En géographie, les élèves ont réalisé une carte ainsi qu’une analyse de carte. Ils ont identifié la répartition spatiale des espèces et ont tiré des conclusions sur les milieux où elles sont plus présentes.
Cette forme d’évaluation correspond au type de produits finis qui sont attendus dans le monde professionnel. A posteriori, les enseignantes estiment qu’une évaluation interdisciplinaire avec une note conjointe et concertée aurait été pertinente.
Evaluation formative
Les objectifs d’apprentissage transversaux quant à eux n’ont pas été évalués formellement mais par observation (manière dont les élèves travaillent en équipe, richesse des discussions et réflexions à propos de la complexité de la durabilité, etc.).
Défis rencontrés par l'interviewé.e
En classe
- Des malentendus entre élèves (« Ah, j'ai cru que c'est toi qui faisais telle espèce »).
- Des oublis d’enregistrer ou des bugs informatiques.
Les enseignantes abordent ces situations de manière éducative, en incitant les élèves à chercher eux-mêmes des solutions : « Quelle est la solution que tu trouves à ce problème-là ? Comment éviter de le rencontrer à l'avenir ? »
La coordination à l’interne
- Pour le relevé d’espèces, la saison et le lieu sont déterminants. Il faut s’assurer que les services de maintenance évitent de tondre les parcelles durant un certain temps.
- Il reste à clarifier si et où les orchidées pourront être repiquées.
La gestion du temps
- Une sortie peut être reportée en raison des conditions météorologiques et chambouler le programme.
- Le calendrier des personnes externes diffère du temps scolaire, ce qui exige de la flexibilité.
- Il faut du temps jusqu’à ce que les élèves maitrisent les outils (clé de détermination, SIG)
- L’énergie et le temps viennent à manquer malgré la motivation.
Facile à reproduire?
Quelques points sont essentiels à la gestion d’un projet de cette envergure :
- Bien s’entourer dès le début : avoir une équipe de collègues sur qui on peut compter, être plusieurs à gérer un projet, s’assurer du soutien de la direction.
- S’appuyer sur le contexte : partir des spécificités de l’école (emplacement, aménagements), inscrire le projet dans les circonstances du moment (travaux, agrandissement) et mobiliser des acteurs locaux.

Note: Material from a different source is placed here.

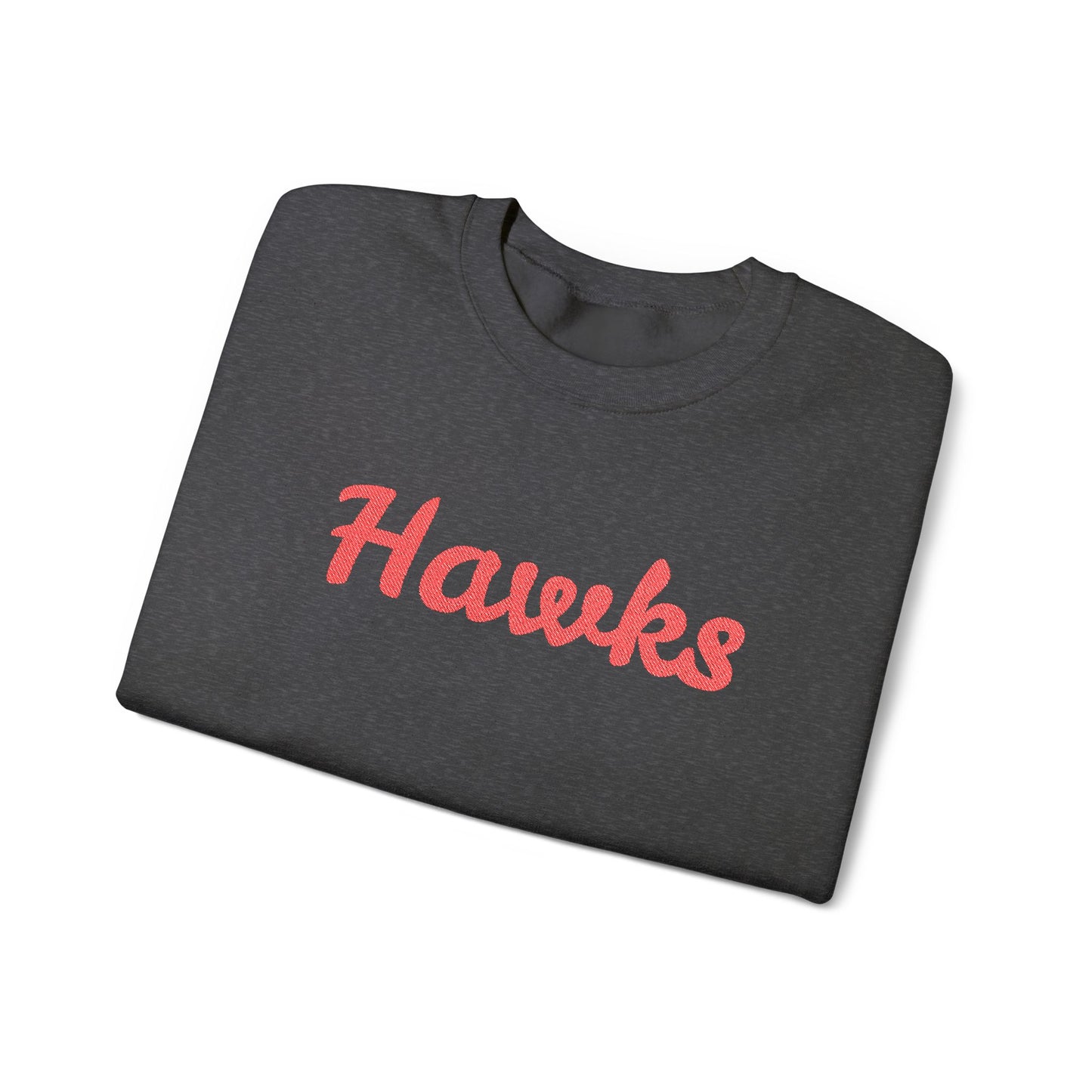 Embroidered Hawks Crewneck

- Penser à la finalité dès le début : anticiper la valorisation du projet, savoir comment le visibiliser au niveau de la commune, se demander comment le projet sera reçu au sein de l’institution et parmi les professionnel.le.s.
- Prévoir l’expertise nécessaire : maîtriser ou avoir accès aux compétences propres aux disciplines impliquées (outils de détermination des espèces, instruments de cartographie).
- Inscrire le projet dans la durée : idéalement sur plusieurs années, en suivant des classes sur le long terme pour renforcer la dynamique de groupe et les liens entre élèves. Commencer dès la première année du Gymnase constitue un atout majeur pour la suite.